Anche quest’anno torna la Giornata Europea della Cultura Ebraica. Domenica 10 settembre, infatti, in 81 località italiane e in centinaia in tutta Europa, sarà possibile conoscere meglio una delle culture più antiche e ricche del mondo.
L’edizione 2017 è la diciottesima e il tema è Diaspora: Identità e dialogo.

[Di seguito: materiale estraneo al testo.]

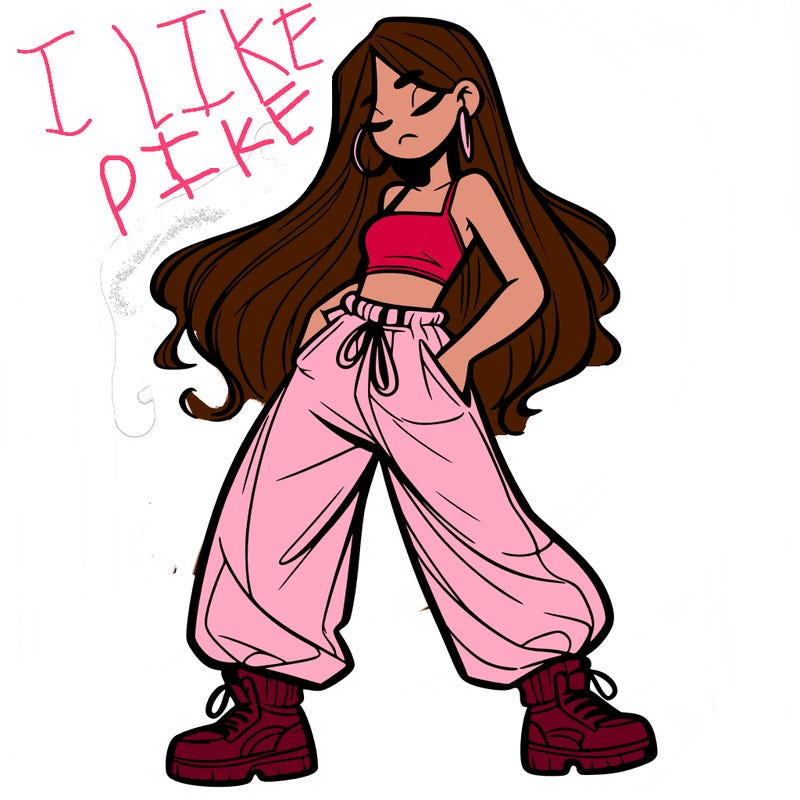 girl in baggy pants crop top and long hair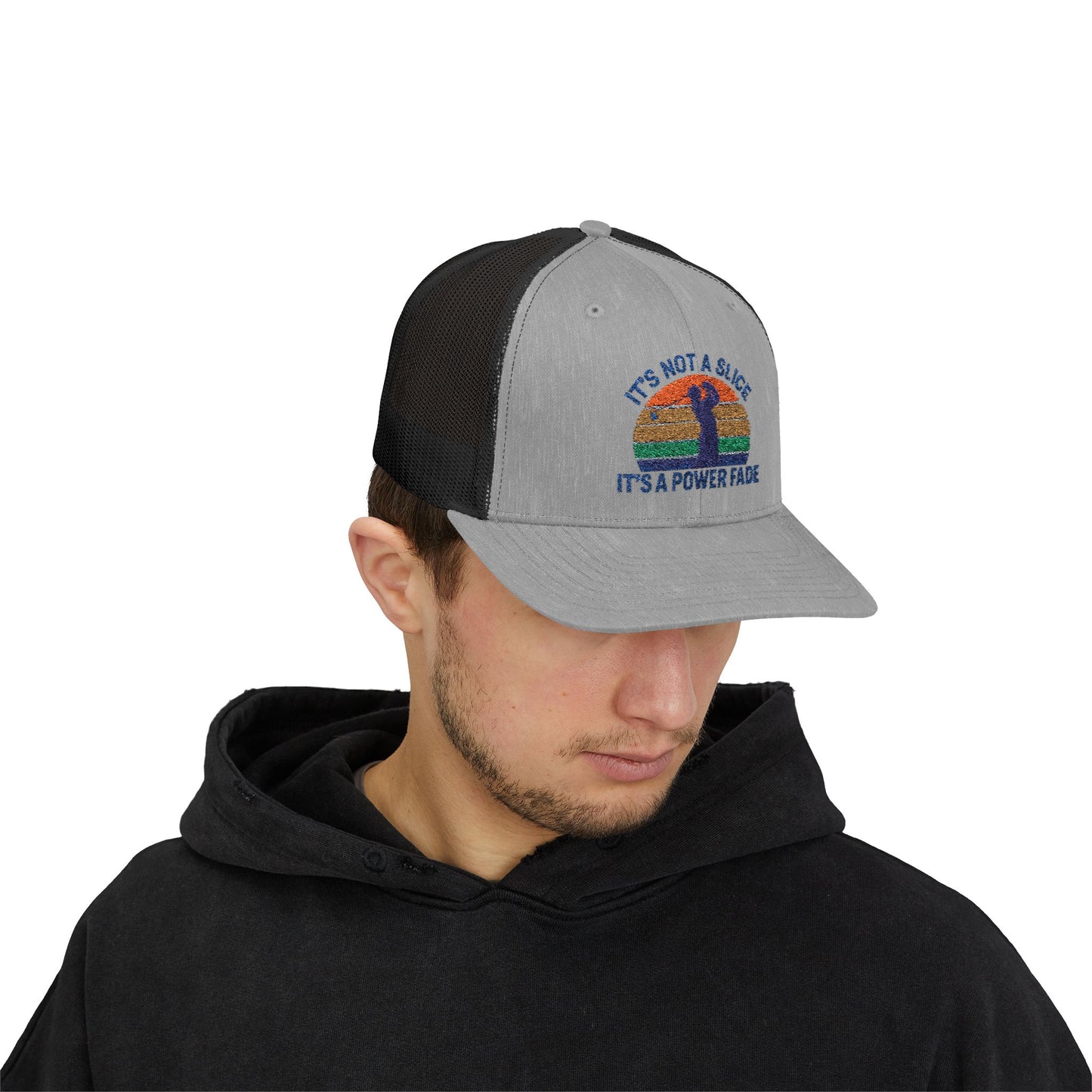 Colorful Power Fade Snapback Trucker Cap, Funny Golf Hat, Unique Baseball Cap, Gift for Golfers, Fashionable Outdoor Accessory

Tre parole che portano con sé esperienze e storie, individuali e collettive, che compongono un mosaico fondamentale per la stessa cultura europea e occidentale.
Sira Fatucci, responsabile della giornata per l’Ucei, Unione delle comunità ebraiche italiane, racconta che «tra gli ebrei italiani c’è un grande attaccamento alle tradizioni ebraiche, altrimenti il popolo d’Israele non sarebbe sopravvissuto all’inizio della diaspora e anche alle difficoltà di oggi. Certo, per la realtà israeliana il significato di diaspora è ancora più particolare. Abbiamo nel cuore le nostre tradizioni, i nostri modi di percepire la realtà, la cultura e così via, ma sempre con un occhio attento all’integrazione e a far conoscere una parte di noi che viene vista con curiosità e interesse anche dai non ebrei».
Quello di diaspora è un concetto che percorre numerose culture e che spesso viene percepito e descritto come negativo. Eppure, la produzione artistica, letteraria e culturale ebraica è figlia anche di queste esperienze traumatiche. Nel 2017 si ricordano i 50 anni dalla Guerra dei Sei Giorni, che tra le sue conseguenze ha avuto l’espulsione degli ebrei dai Paesi a maggioranza araba, in quella che viene ritenuta essere la più recente delle diaspore. Quale contributo ha dato questo evento alla produzione culturale ebraica?
«L’apporto degli ebrei provenienti dai Paesi arabi in Italia, e in particolare penso a una comunità ebraica come quella di Roma, è stata fondamentale. Penso per esempio ai libici, che hanno dato un grande impulso per ridare vita ad alcune tradizioni ebraiche che si stavano addormentando, ma anche a livello di commercio e in tante altre manifestazioni. Penso a figure come il professor Meghnagi, che da sempre si spende per far comprendere quello che può essere stata la diaspora. Anche a Milano per esempio ci sono moltissimi siriani, persiani e comunque provenienti da diversi Paesi arabi che hanno trovato in qualche modo un rifugio e una nuova patria in Italia. È stato un Paese, devo sottolineare, molto accogliente».
Oggi il termine diaspora ha ancora un valore concreto, fisico, geografico, o ne ha assunto uno più ideale?
«È importante una premessa: in ebraico ci sono due termini per definire “diaspora”. Uno è golah, che tradurrei proprio come diaspora, e l’altro è galuth, che significa invece esilio, e che ha un riferimento ideale e anche molto nostalgico verso la terra d’Israele. Dalla golah, dalla diaspora, aggiungendo una lettera, che è la aleph, la prima lettera dell’alfabeto ebraico, si arriva alla geulah, che è la redenzione. È come se la redenzione possa passare attraverso la diaspora, un esilio forzato ma anche molto produttivo e creativo. Se non ci fosse stata la diaspora il popolo d’Israele probabilmente non avrebbe avuto il talmud, che è il punto di riferimento massimo per la cultura ebraica e per i suo precetti».
Parlando del programma, qual è la spina dorsale di questa edizione?
«Quest’anno capofila delle manifestazioni sarà la Sicilia in generale e Palermo e Catania in particolare. A Palermo con la cerimonia di apertura si darà il via a tutti gli eventi che poi a seguire ci saranno in tutta Italia. Sarà presente la presidente dell’Ucei, Noemi Di Segni, insieme ad altri rappresentanti della comunità ebraica. Ci sarà un convegno, ci sarà un concerto di musiche diasporiche e prima ancora ci sarà, presso l’istituto Goethe, la proiezione di un film sull’importanza della lingua tedesca per gli ebrei che sono andati in Israele, quindi una cosa molto sofisticata e particolare. Insomma, di fianco a manifestazioni molto divulgative ci sarà questo tentativo di “scintille di cultura” per quello che può essere offerto in un giorno».